By Carl Holvick-Thomas
Actor in the Strindberg Cycle

When people ask me about staging these plays, I tell them it’s like putting together a massive jigsaw puzzle in which you don’t know what the final picture will look like.  The array of disjointed colors and shapes scattered on the table in front of you is daunting. You fear there are pieces missing, lost under the bed of time, culture, and language. Then you discover corner pieces which anchor you in the world you are creating.  Next, the edges expose themselves and eventually a framework is set.  Suddenly images you never expected start taking shape.  Then with more time and determination, the individual fragments link together to reveal the greater tapestry.

My metaphor, however, doesn’t fully explain my process of working on these plays.  I am not a distant observer analyzing all the pieces on the table in front of me on a dull, rainy, Sunday afternoon, dispassionately testing each strange, bulbous protrusion with another globular void that might possibly fit.  For me, the pieces weren’t all on the table.
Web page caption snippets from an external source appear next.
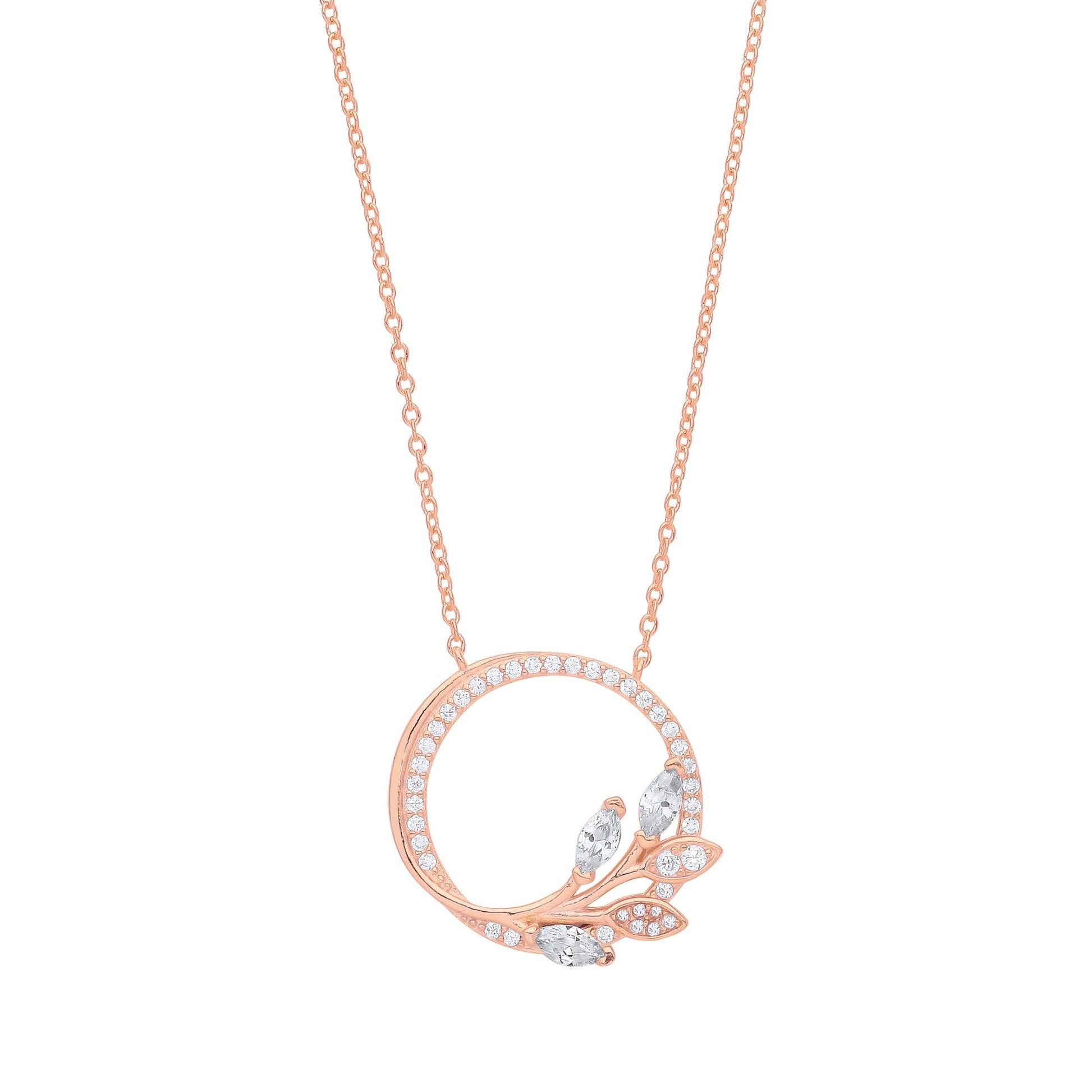 Silver  Marquise CZ Olive Leaf Branch Circle of Life Necklace 18" - GVK357R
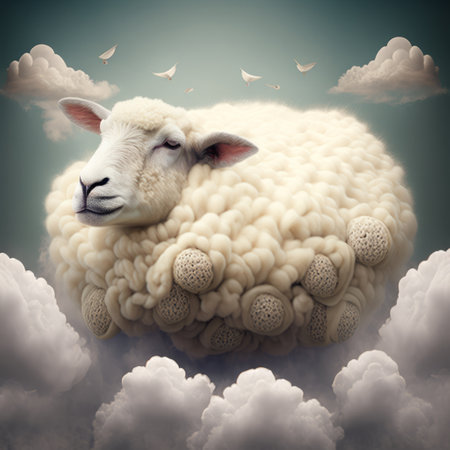 Cute dream sheep. Illustration Generative AIの素材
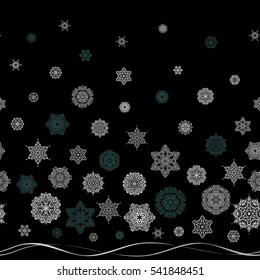 Blue and gray and black simple seamless Christmas pattern - varied Xmas snowflakes with dots. Happy New Year winter background. Vector design for textile, wallpaper, fabric, wrapping paper.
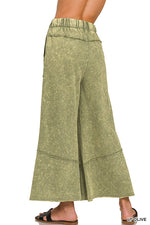 LIGHT OLIVE EXPOSED-SEAM FLARE HEM PANTS LIGHT OLIVE EXPOSED-SEAM FLARE HEM PANTS Zenana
When I looked hard enough, they were revealed in nature, relationships, and the recesses of my heart, mind, and soul.  Strindberg demands that you dig deeply within yourself and in the world around you in order to understand his work.

The truths in Strindberg’s plays don’t come cheaply.  I hope I’m not being presumptuous, but I believe these plays have taken their toll on everyone working on them in some way or another.  I used to think that we were brave and ambitious for doing something unprecedented in staging all five Chamber Plays, but now I see that the bravery of these artists actually comes from the willingness to explore a harrowing impression of life’s terrain, with all its peaks and valleys, oceans and caves, that Strindberg has mapped out for us.

For an actor, theater can seem ephemeral.  Eventually, closing night will pass and I’ll move on to the next job.  Sometimes I have a flicker of a thought that perhaps when I look back on these plays, I will I say to myself, “Wow! Remember that crazy year where I got a glimpse inside the mind of some mad genius? Yeah, that was WEIRD.”  But no, Strindberg’s themes were too painful and cut too deeply when I really invested in them for me ever to dismiss this journey.  They are also, however, complicated by promises of redemption and hope.  I don’t exactly know how I will view this period of my life in the future, but I truly believe I will feel lucky to have been humbled by his works.